The importance of weak interactions can become clearer when two almost the same molecules with just a difference in the substituent (influential for weak interactions) form two crystal structures with different packing features.^11,12 In organic compounds, Cl/CH₃ units—which have about the same volume—are frequently utilized as substituents. Their disparate electrical characteristics lead to different actions as donor/acceptor sites in contacts and to form different molecular assemblies. The electron density of chlorine, bonded to one other atom, is anisotropically distributed, resulting in the formation of (i) a negative belt orthogonal to the covalent bond (a possible electron donor site) and (ii) a σ-hole upward of the chlorine bond with lower electron density and generally positive electrostatic potential (a possible electron acceptor site).^5,13

However, the expected behavior of organic chlorine is its hydrogen acceptor capability in weak hydrogen bonds. Methyl groups, with positive electrostatic potential on their hydrogens, usually take part in weak hydrogen bonds and dihydrogen interactions. Nevertheless, a negative region on the associated carbon atom was calculated, where it is bonded to an electropositive atom, proposing the potential electron donor behavior.^14,15 In fact, the electron density around methyl is practically distributed in opposition to chlorine.
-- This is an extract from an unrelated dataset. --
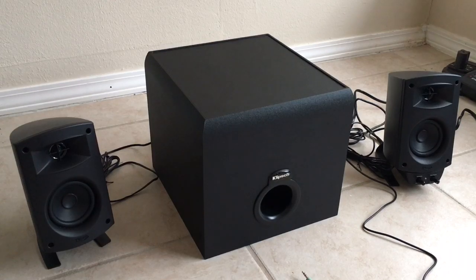The newest feature to the Klipsch ProMedia series is the BT, or the Bluetooth. Now, as far back as I can remember, even 5 or 10 years ago, I remember when I first saw these at a Best Buy about 8 or 9 years ago. I loved them immediately.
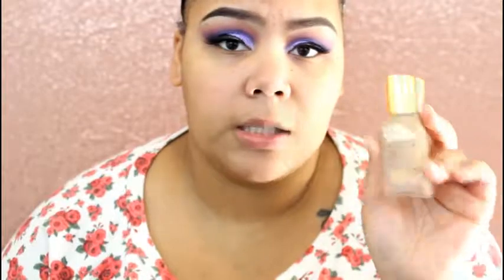I went ahead and primed my face with La Base Pro from Lancôme. For foundation today I'm going to use Lancôme's Teint Idole Ultra 24H makeup, but I'm also going to mix some of the Estée Lauder Double Wear Nude Water Fresh makeup just to give it a lighter feel. This shade is a little bit lighter for my skin tone and that one is a little bit darker, so I'm hoping they meet in between.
In addition to direct interactions of substituents, their influence on the electrostatic potential of neighboring groups can impact the molecular assembly. Regarding the substitutions of the aryl groups, Wheeler showed the through-space effect of substituents on the electrostatic potential,¹⁶ although he explained that the main effect of substituents is due to their direct and local interaction.^17,18

Some researchers show that exchanging non-polar substituents with the same sizes in molecules¹⁹ (e.g. Cl/CH₃) or even with different sizes²⁰ (e.g. CF₃/CH₃) may cause the production of isostructures. Further research showed that in some cases, the directional interactions of Cl atoms may alter the structure.²¹ An old CSD study indicated that about 30% of the crystal structures with Cl/CH₃-substitution that had been documented up to that time were isostructure.²² Earlier investigations affirm the isostructurality in Cl/CH₃-exchanged crystal structures, in which interactions with no contribution of the Cl atom dominate.^23–27 In some structures where the DH⋯Cl (D = hydrogen donor atom) and Cl⋯Cl interactions are dominant with respect to other weak interactions, the structures are changed by exchanging the Cl atom with the CH₃ group.^24,28,29 Moreover, there are examples of structural similarity of hydrogen bond pattern, based on stronger interactions, but with differences in crystal packing related to the contribution of Cl/CH₃.³⁰ Nonetheless, the prediction of the possible isostructurality is challenging, and it is still up for discussion how weak to moderate interactions play a role in discriminating or not in structures with exchanged methyl and chloro substituents.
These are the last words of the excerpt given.